Overview (Q1) presents the primary finding immediately three KPI cards, a bar chart with 95% CI, a violin-plus-boxplot showing full distributions, and a heatmap of high-engagement rates by sport × year. Filters for year and intensity allow real-time sub-group exploration.

Deep Dive (Q2–Q3) uses a grouped line chart for the year trajectory and an intensity curve per sport. Sport and year checkboxes allow team members to isolate any sub-group comparison in real time.

Influence Drivers (Q4) offers a selectable x-axis dropdown so the audience can interrogate each driver without tab-switching. A full correlation bar anchors the interpretation.

Adoption Predictors (Q5–Q6) directly contrasts engagement and adoption. KPI cards surface the adoption rate and top sport. The predictor correlation chart makes the counterintuitive negative baseline_interest finding visible. A scatter faceted by sport shows the engagement–adoption divergence.
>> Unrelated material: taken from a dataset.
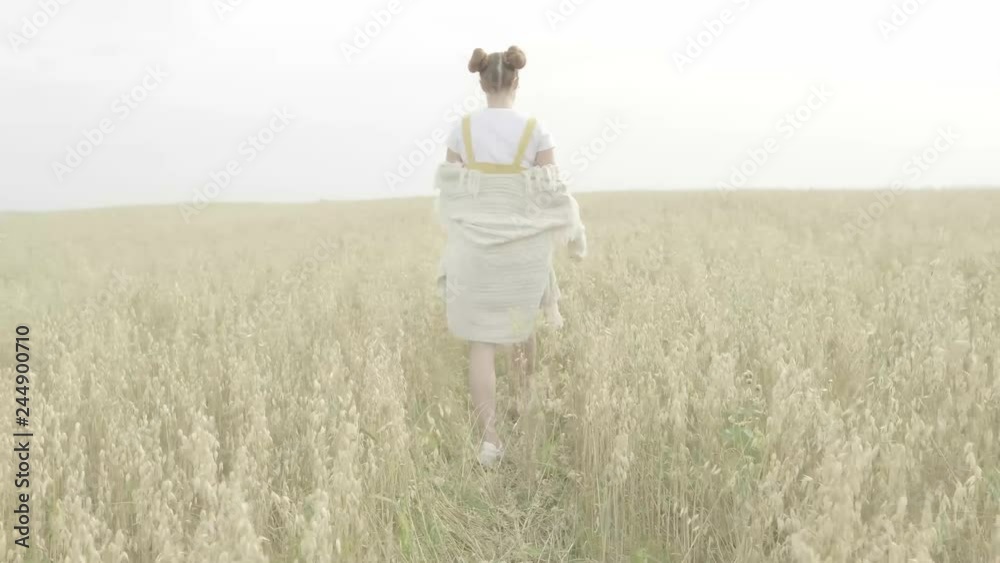 A girl walks in a wheat field A girl walks in a wheat field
Action & Reward (Q7) centers on the heatmap of Sport × Intensity → Reward, with supporting bar and violin charts. The KPI cards surface the peak reward sport and intensity.
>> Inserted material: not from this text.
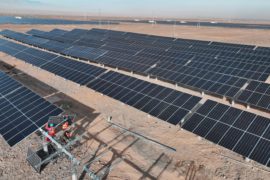 Installation of photovoltaic panels at the solar power generation project in Zhangye, China.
Peer & Social (Q8) is the most flexible tab: a radio button toggles the outcome (engagement vs. adoption) so the user can see both relationships without visual clutter. Quartile bar charts make the non-linear peer influence pattern visible even without statistical modeling.

Visualization principles applied: Consistent sport color encoding (Football = #E05C2A, Basketball = #F5A623, Soccer = #3A7BD5) is maintained across all 20+ plots so the legend becomes implicit after the first view. Bar length encodes comparison; heatmap cell color supplements printed values for accessibility. Error bars appear only where uncertainty around a central claim matters (Overview bar, Reward bar). Violin plots layer with boxplots to show both shape and summary statistics simultaneously.


6 Limitations

The dataset is synthetic. The sport labels are interpretations we imposed on the chosen_action codes (0/1/2); the original documentation does not confirm these mappings. All numerical findings should be treated as illustrative patterns rather than population estimates.

The weak correlations in Q4 and Q8 reflect the simulation’s design: engagement is distributed across many inputs rather than driven by one, which is appropriate for reinforcement-learning research but limits causal inference. Generalizing to real campus programming decisions requires a real dataset with experimental variation in the levers being tested.

Finally, the negative correlations between peer influence/baseline interest and adoption (Q6) are intriguing but cannot be interpreted causally without longitudinal data and a proper identification strategy.


7 Conclusion

Basketball generates the highest average student engagement (0.557), with a consistent advantage across years and the strongest Freshman engagement of any sport making it the highest-return investment for early campus integration. Soccer leads on cultural adoption (54.7%), suggesting a different, slower-burning pathway to culture-building that rewards long-term immersion programs over high-frequency events.

Football earns the highest simulation reward (0.705), particularly at low action intensities, while reward is relatively engagement-agnostic the system appears to compensate low-engagement sports with higher rewards to maintain exploration.

Peer influence and social media have divergent effects on engagement versus adoption: social media builds cultural identification without necessarily driving behavioral participation, while peer influence marginally suppresses autonomous engagement even as it supports passive cultural osmosis.

The most actionable finding may be Q6: students with lower baseline interest are more likely to deeply adopt sports culture than those who arrive already engaged. Programming targeted at the unconverted not just the enthusiastic may deliver the highest cultural adoption ROI.